▸ Exercise goal
Could you print the stretch of lines below from the one with "Standard Double Room image 1" through the one with "Maison à vendre", exactly as they stand and without any pictures?

▸ Entries provided
= Beginning of Section =
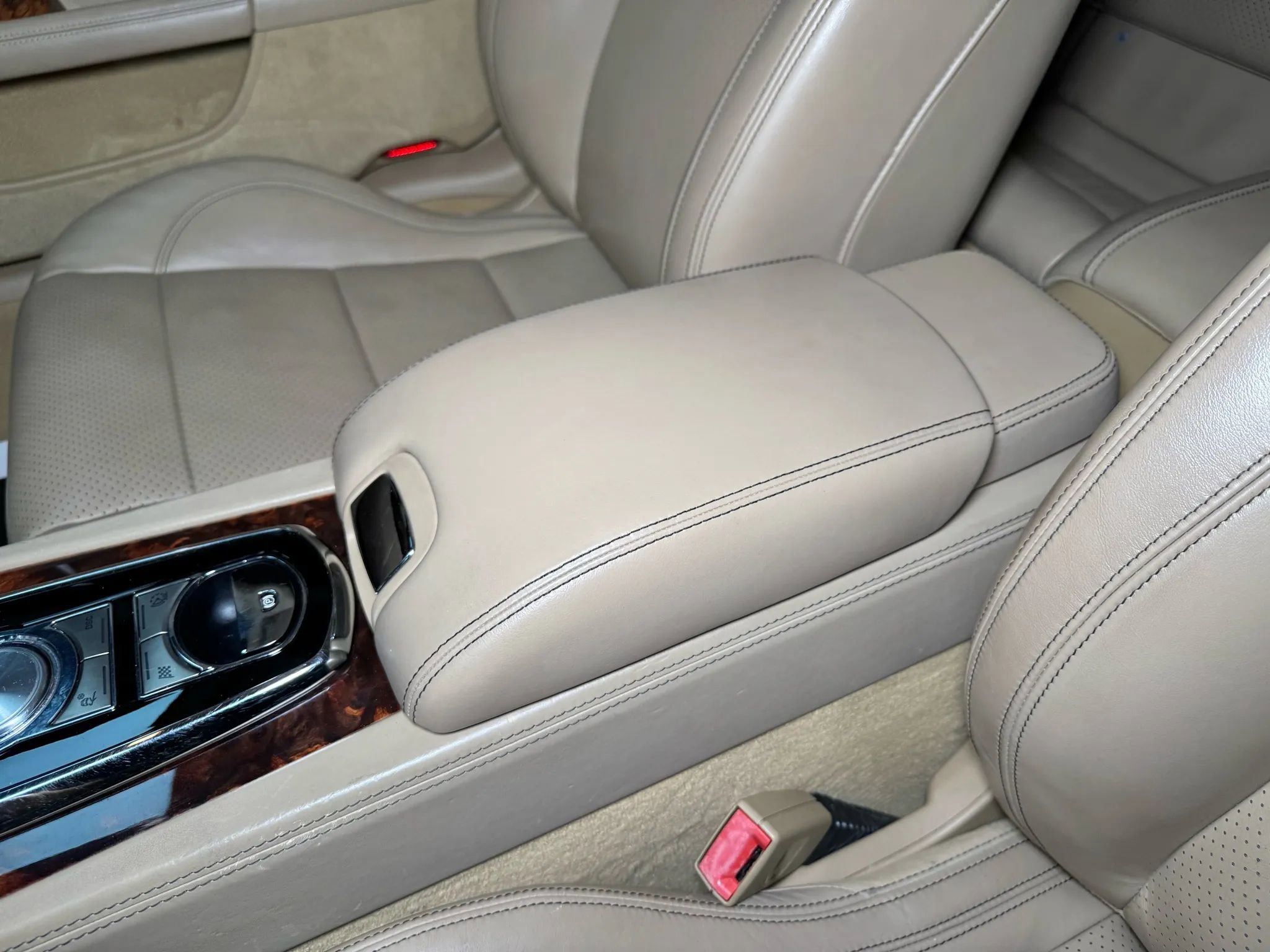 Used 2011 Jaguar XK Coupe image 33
= End of Section =
= Beginning of Section =
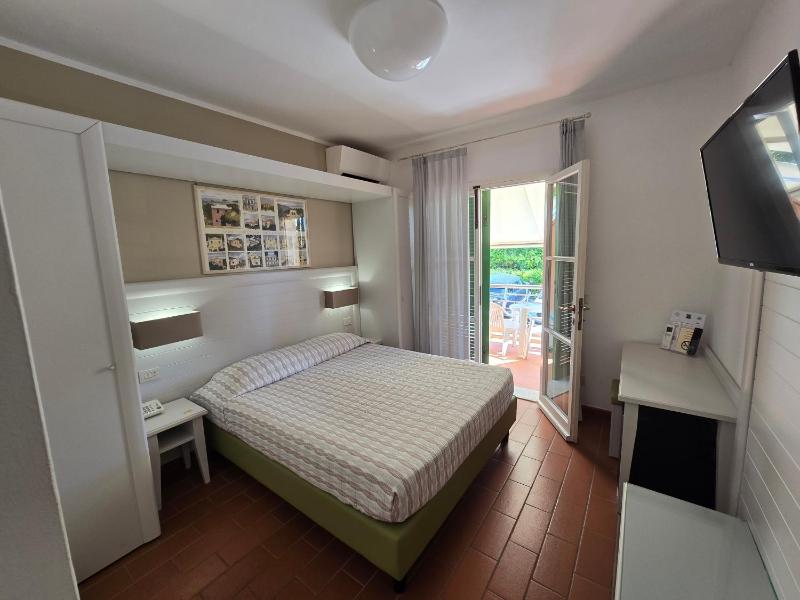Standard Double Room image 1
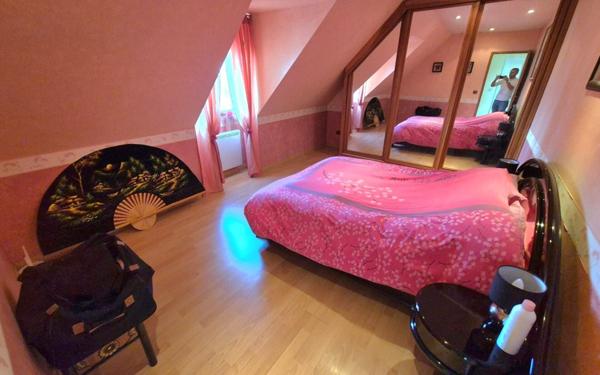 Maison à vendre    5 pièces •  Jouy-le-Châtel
= End of Section =
▸ Task response
Standard Double Room image 1
 Maison à vendre    5 pièces •  Jouy-le-Châtel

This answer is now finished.